The above two comments Erik made describe exactly what I'd like to
have at my disposal when I start designing a new system. I'd like to
make my reasons clear.
Experience showed me that a significant percentage of the systems my
company deploys have to keep some sort of history. Furthermore, in
almost all systems, we need a way to find out what happened to the
system in a specific period of time.
Having the possibility to set the "system time" at runtime (I even
considered the possibility of making it a user-level setting) would
allow me the following:
1) do a detailed "playback" of all system events
2) compare analysis on system objects in different moments, i.e. have
an instant time-dimension embedded in my system, to build data
warehouses upon
3) troubleshoot: when something fails (due to one reason or another),
it would be a lot easier to find the cause if the data wasn't somehow
overwritten. Obviously, if the problem was with the temporal
mechanisms themselves, this wouldn't work, but that's one of the
reason I'd like to automate construction of such a database.
4) security: no one can do anything within the system without there
being a clear trace of his/her actions in the system. Sure, log files
are fine, but they're much harder to automatically analyze in order to
find e.g. patterns of behaviour of the offending user etc.
5) inherently temporal applications: I'm working on an app right now
whose key interface element will be a time slider, positioning the
user into a given moment in time so that he can access data from that
exact moment - what he does with that data is not important, but it is
important that he be able to get at it, at runtime and without having
to call me to retrieve the state of his database from 5 years ago
6) meeting regulatory requirements: sometimes, for some government
systems and the like, the application *has* to work in a non-overwrite
mode. There simply is no overwriting anything.
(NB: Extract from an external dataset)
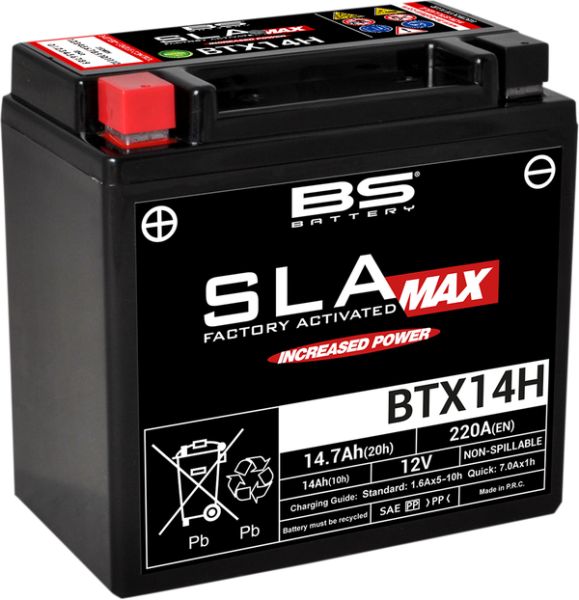 Sla Max Factory- Activated Agm Maintenance-free Battery [60873] Black-c9d7f4f2957176fad445dd5ff371bfc5.webp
Now, an audit trail is a useful tool answering point number 3 and possibly 4.
1, 2, 5 and 6, however, (I feel) need a more robust approach to making
"time" an integral part of all stored data.
As a side note, when I first heard about postgresql's capability to do
PITR (Point-In-Time-Recovery), I was fascinated, but then I learned
you have to take the database offline, initialize it in a certain way
and so on, so it's not nearly as useful as I hoped it would be. The
server itself is probably too low a level to implement meaningful time
dimensions without severely limiting the type off applications you
could run on it, but still, the idea fascinated me. It's basically a
niche in the ORM problem space (as I see it) that hasn't been
addressed yet: I feel it'd be a nice addition to the already existing
arsenal of features Cayenne has to offer.

As an alternative, I was thinking about generating a trigger system in
the database that would perform most of what I have in mind here, but
I'm not sure how it'd get along with cayenne, and I'd still have to
design the hairy temporal database model by hand, instead of being
able to focus on the nature of the data, so I'm not really sure where
to go from here.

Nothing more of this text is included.